Yesterday, my sister and I visited our favorite jewelry shop, Nobel Jewelry in Santa Monica. From the outside it looks like a hole-in-the-wall kind of place, but inside it is a glittering wonderland of beautifully displayed antique jewels. You can get a chain repaired for a few bucks, or you can purchase an Art Deco diamond engagement ring for $20,000. You can also chat with the owners, Ken and Kia, a pair of charming guys who emigrated from Persia with their family when they were boys.
So my sister had some things that needed repairs, and I wanted to argue about rings, and as we prepared to leave, Ken asked if we wanted to see a diamond he’d just acquired. It was a ring he had to get from the window, a spectacular European cut diamond solitaire. He offered up his jeweler’s loupe so we could appreciate its unique properties.

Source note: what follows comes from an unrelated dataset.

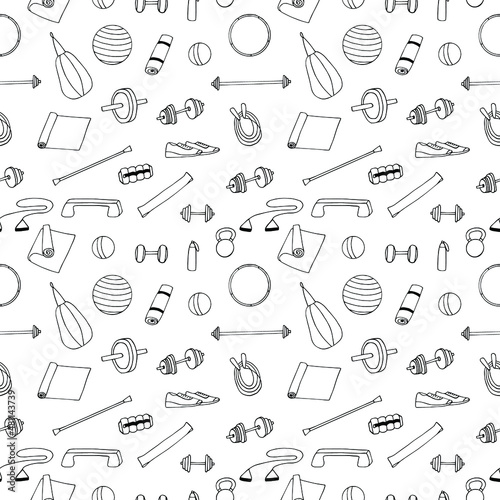 Fitness background, vector illustration, hand drawing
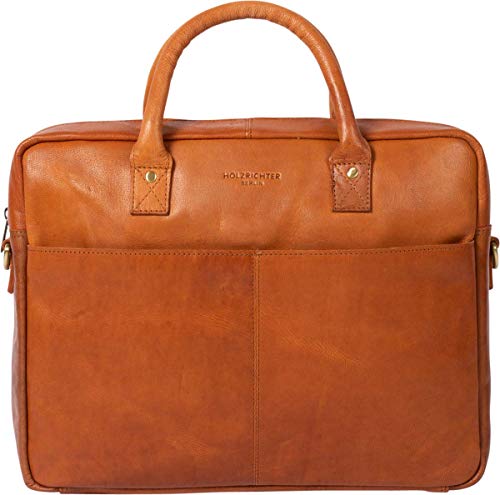 HOLZRICHTER Berlin Tragetasche No 1-1 (M) cognac - Große Briefcase Aktentasche & Laptoptasche handgefertigt aus Premium-Leder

I asked Ken if I could use the loupe to look at the splinter in my thumb, which has been driving me nuts. I got it from an attack by a potted cactus on my front porch, nearly a month ago. My husband couldn’t extract it and neither could I. I had gone to my doctor to get it out, and she ended up saying, “I think I got it but maybe not all of it.”
She didn’t get “all of it”, as it was getting swollen and now I could barely use my thumb.
So Ken said, “You have a splinter? Let me see!” He seemed concerned. He looked at it and said, “That must hurt.” He looked through his loupe and exclaimed, “That’s been in there a long time!” Then he announced, “I’ll get it out for you.”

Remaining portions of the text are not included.